¿A qué saben la fe y la esperanza?, ¿a qué saben la ilusión y la alegría?, ¿a qué saben los anhelos de ver el triunfo de alguien que ya olvidó cómo lograrlo?

El dulce sabor se ha borrado, se ha olvidado. Una fecha de caducidad vino a eliminar el aroma de décadas de esas gratas caricias al paladar. Ahora empiezan a pudrirse.

El inicio de este torneo ha confundido a la afición, le creó falsas esperanzas que hoy lo aterrizan tras un pre-sueño confuso.

No era el partido más alentador, no era el rival más a modo, pero tampoco se hablaba de una exigencia mayor. Se intentó, se trabajó, pero se agotaron las ideas.

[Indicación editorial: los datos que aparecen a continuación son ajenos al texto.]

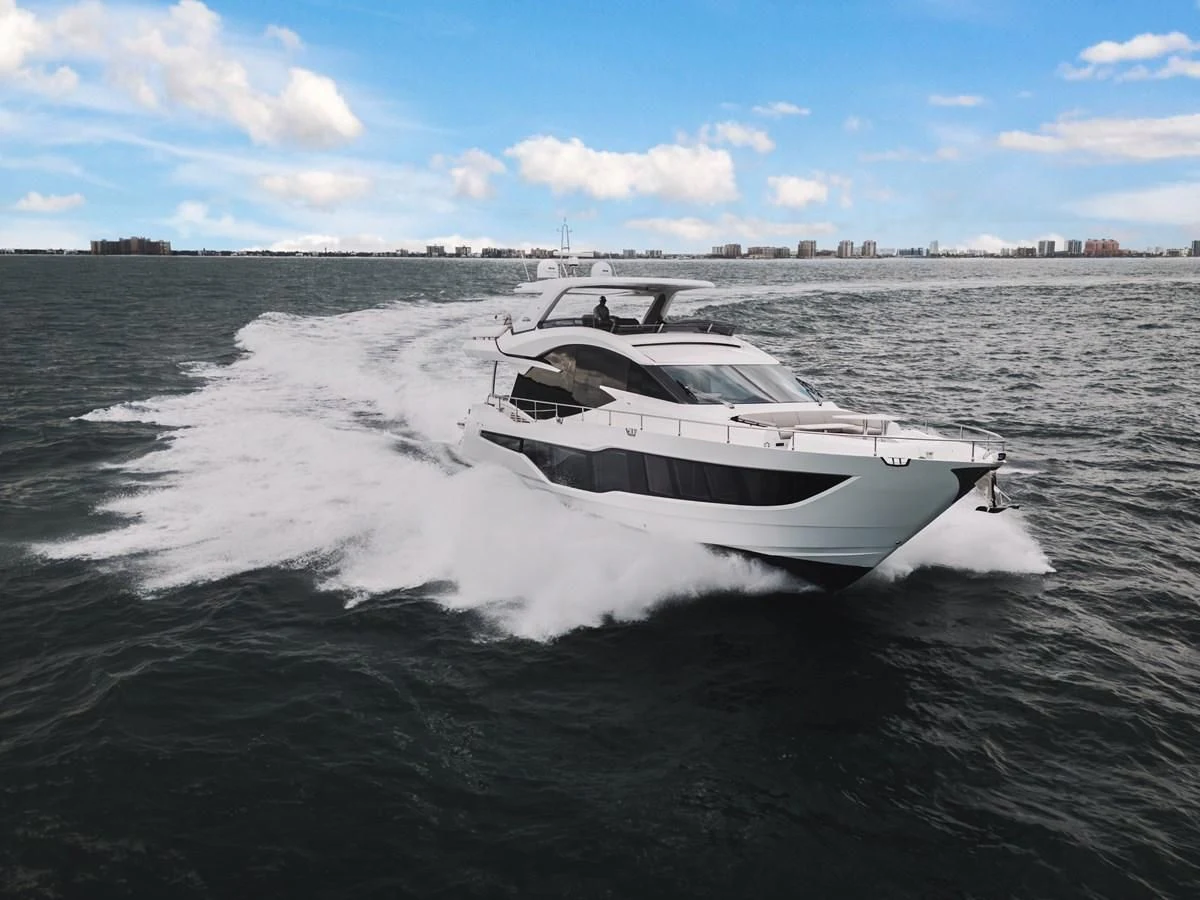 a boat splashing in the water aboard 76 YACHT Yacht for Sale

Sí, una vez más no alcanzaron las ideas, como ocurrió en el primer juego, como ocurrió en el segundo, como ocurre con todos los aficionados que tienen pensado hacer, decir o reclamar algo, pero se quedan en blanco, atónitos por la tristeza, el coraje y la desilusión.

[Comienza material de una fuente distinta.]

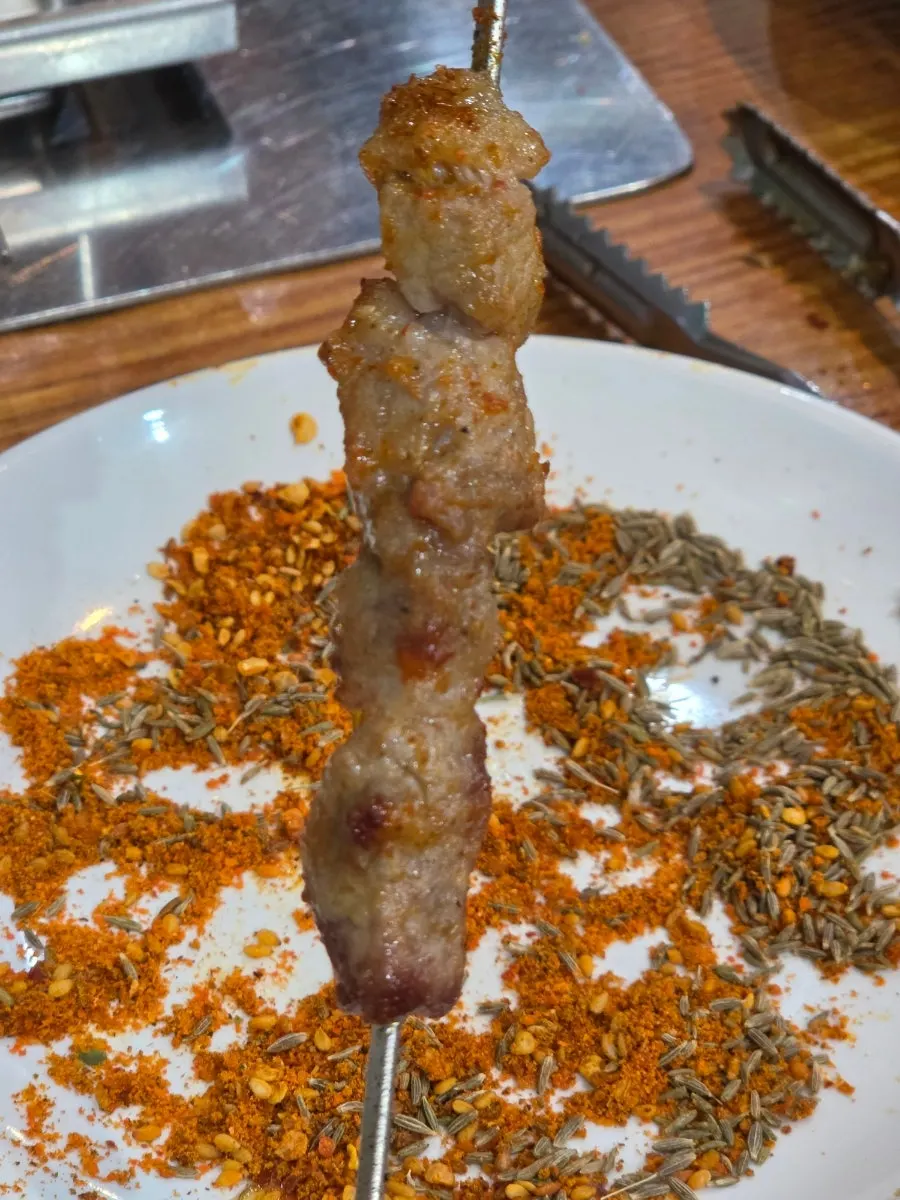 Close-up of grilled lamb skewers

Casi al final del encuentro, con una derrota más a punto de consumarse, los párpados empezaban a pesar, la vista comenzaba a nublarse. Y no era propiamente por el horario nocturno, era por las lágrimas de desconsuelo que una vez más, sí, por enésima vez consecutiva, se asomaban reclamando su lugar. El sabor del llanto sí ha estado muy presente.

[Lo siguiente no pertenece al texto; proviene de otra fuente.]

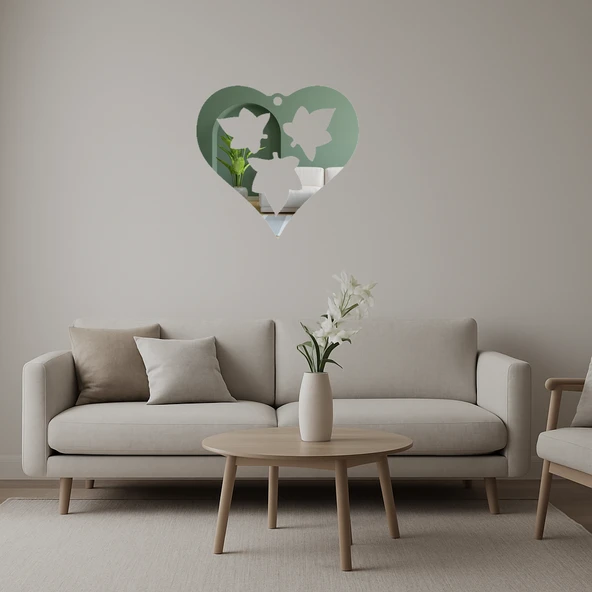 Kalp ve Yaprak Desenli  Dekoratif Aynalı Tablo ürün görseli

Esas lágrimas saladas comenzaban a frustrar toda esperanza, comenzaban a ahogar las ilusiones. Por nueva jornada consecutiva, Necaxa había navegado en un mar de llanto, en un mar de incertidumbre y en un mar de intentos; sí, pero sin ideas.

Finalmente, la inversión extranjera de días recientes hará mucha falta, ante situaciones como las que se avecinan; pero, primero, habría que buscar una inversión de ideas nuevas y frescas, una inversión que le cambie la cara a esta moneda desgastada, que les devuelva el sabor de la ilusión, y, sobre todo, que le regrese el color a la esperanza de la afición.

Se necesitan goles, se necesita un triunfo, ah, y el equipo necesita un inversionista.